Тот, что помоложе, отвел глаза, и она буквально кожей почувствовала, как все повисло в воздухе, словно с ответом на этот вопрос перевернется страница, и с нею вся жизнь будет переписана заново, причем безвозвратно.
— Говори, не стесняйся, — сказал старший. — Здесь уже ходят всякие сплетни, так что и ее ушам их не миновать. В этом заведении ничего не утаить.
— Ну, что сказать, — вы сами определили свою судьбу, — со вздохом вымолвил молодой человек, тщательно взвешивая каждое слово. — Теперь настало время узнать, каковы последствия того, что вы натворили. В такой лошадиной дозе снотворное привело к коме, а длительное пребывание в коме, тем более в столь глубокой, представляет прямую угрозу сердечной деятельности, вплоть до ее прекращения. Вот вы и заработали некроз… Некроз желудочка…
— Да ты без экивоков, — сказал старший. — Говори прямо.
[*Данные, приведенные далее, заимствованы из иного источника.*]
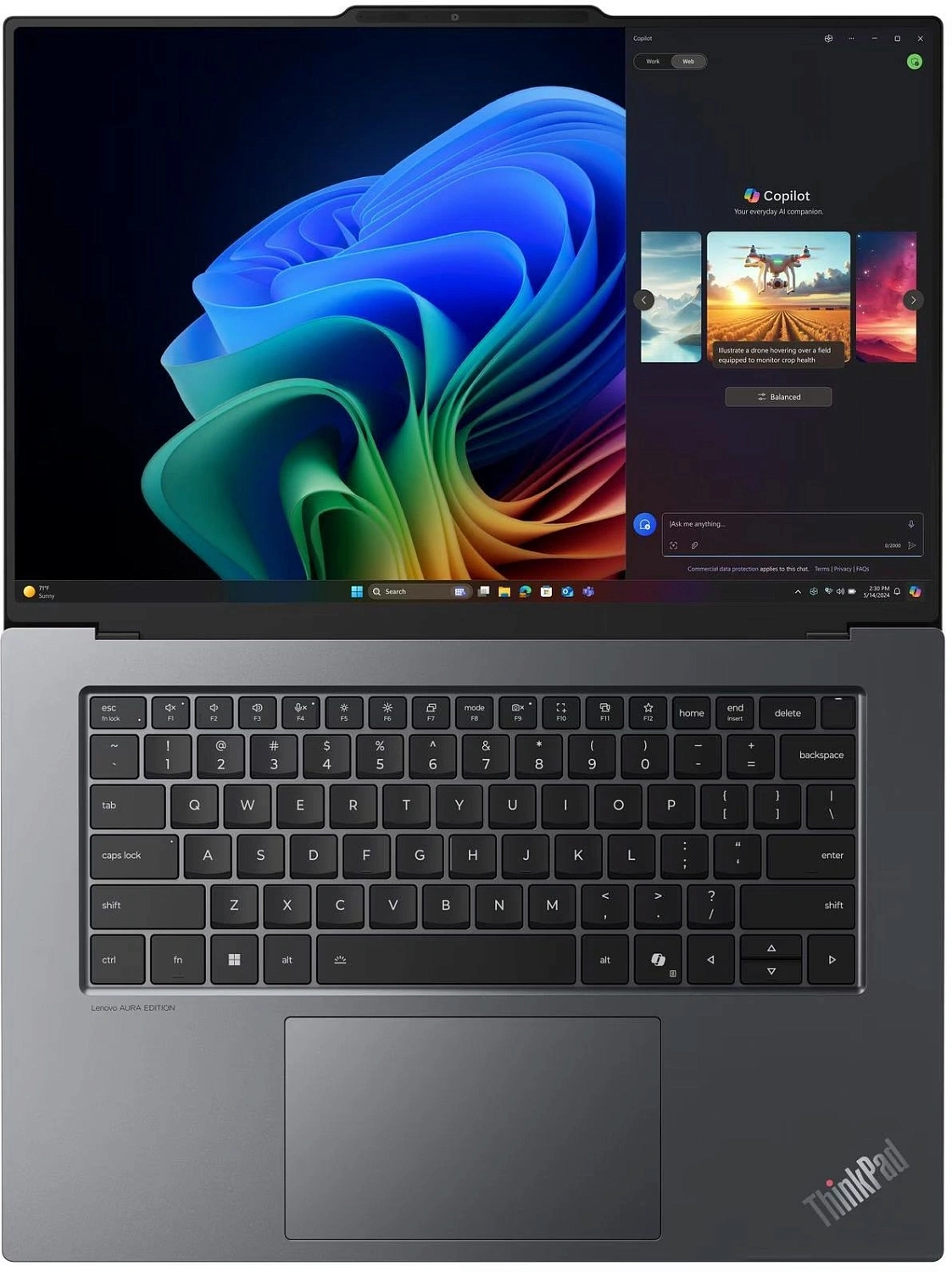 Ноутбук Lenovo ThinkPad X9-15 G1 Aura Core Ultra 7 258V 32Gb SSD1Tb Intel Arc 140V 15.3" OLED Touch 2.8K (2880x1800) Windows 11 Pro grey WiFi BT Cam (21Q60008GQ)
— Словом, вашему сердцу нанесен непоправимый ущерб, а это означает… что оно скоро перестанет биться. Сердце остановится.
— И что это значит? — спросила она в испуге.
— Только одно: физическую смерть. Не знаю, каковы ваши религиозные убеждения, но…
— Сколько мне осталось жить? — перебила Вероника.
— Дней пять, от силы неделю.
За всей его отстраненностью, за всем напускным профессиональным сочувствием сквозило откровенное удовольствие, которое этот парень получал от собственных слов, словно оглашенный им приговор — примерное и вполне заслуженное наказание, чтоб впредь и прочим неповадно было.
За свою жизнь Вероника не раз имела случай убедиться, что многие люди о несчастьях других говорят так, будто всеми силами желали бы им помочь, тогда как на самом деле втайне испытывают некое злорадство, — ведь на фоне чужих страданий они чувствуют себя более счастливыми, не обделенными судьбой.
Таких людей Вероника презирала, потому и сейчас не собиралась предоставлять этому юнцу возможность, изображая сострадание, самоутверждаться за ее счет.
Вероника пристально посмотрела на него. И улыбнулась.
— Значит, я все-таки добилась своего.
— Да, — прозвучало в ответ.
Но от его самодовольства, от упоения собой в роли принесшего трагические вести не осталось и следа.
Однако ночью пришел настоящий страх. Одно дело — быстрая смерть от таблеток, и совсем другое — ждать смерти почти неделю, когда и так уже совершенно истерзана тем, что довелось пережить.
Всю свою жизнь она прожила в постоянном ожидании чего-то: возвращения отца с работы, письма от любовника, которое все никак не приходит, выпускных экзаменов, поезда, автобуса, телефонного звонка, начала отпуска, конца отпуска. Теперь приходится ждать смерти, встреча с которой уже назначена.
Только со мной могло такое случиться. Обычно ведь умирают как раз в тот день, когда нет далее мысли о смерти.